DATA SECTION:
--- START ---
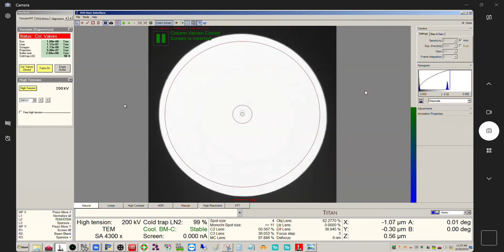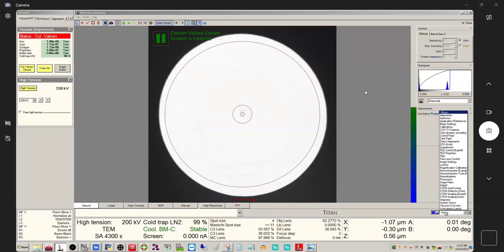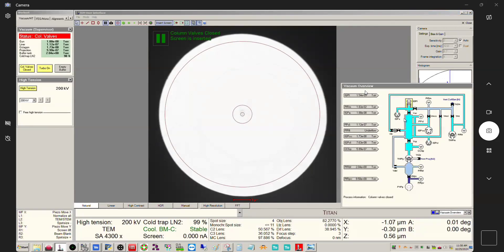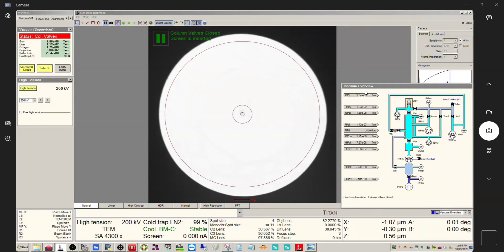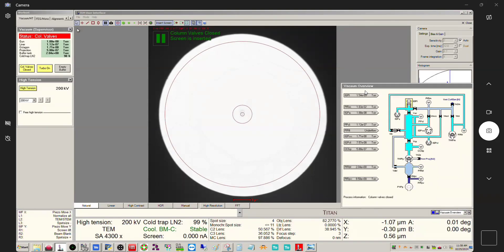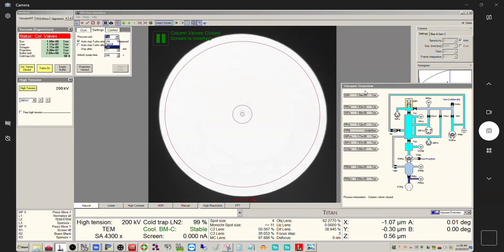So let's start by where can you find the vacuum system diagram. Come down here, find vacuum overview, and you can see your overview here. Right now I have all the units in Torr. If you want to change this, find your vacuum control panel, wherever that is. If it's not already over here, you can find it, click settings, and you can change the units.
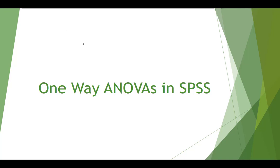Welcome to our helper video on conducting one-way ANOVAs in SPSS, so let's get started.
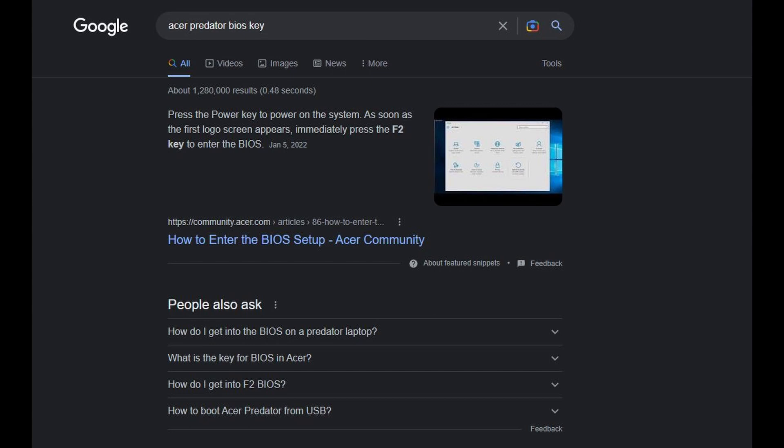To go to the BIOS menu, first go on Google and type in your computer name and the words BIOS key. There you should see what key you need to press to open up BIOS.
--- END ---
Reproduce the listing above exactly, but skip the pictures.

So let's start by where can you find the vacuum system diagram. Come down here, find vacuum overview, and you can see your overview here. Right now I have all the units in Torr. If you want to change this, find your vacuum control panel, wherever that is. If it's not already over here, you can find it, click settings, and you can change the units.
Welcome to our helper video on conducting one-way ANOVAs in SPSS, so let's get started.
To go to the BIOS menu, first go on Google and type in your computer name and the words BIOS key. There you should see what key you need to press to open up BIOS.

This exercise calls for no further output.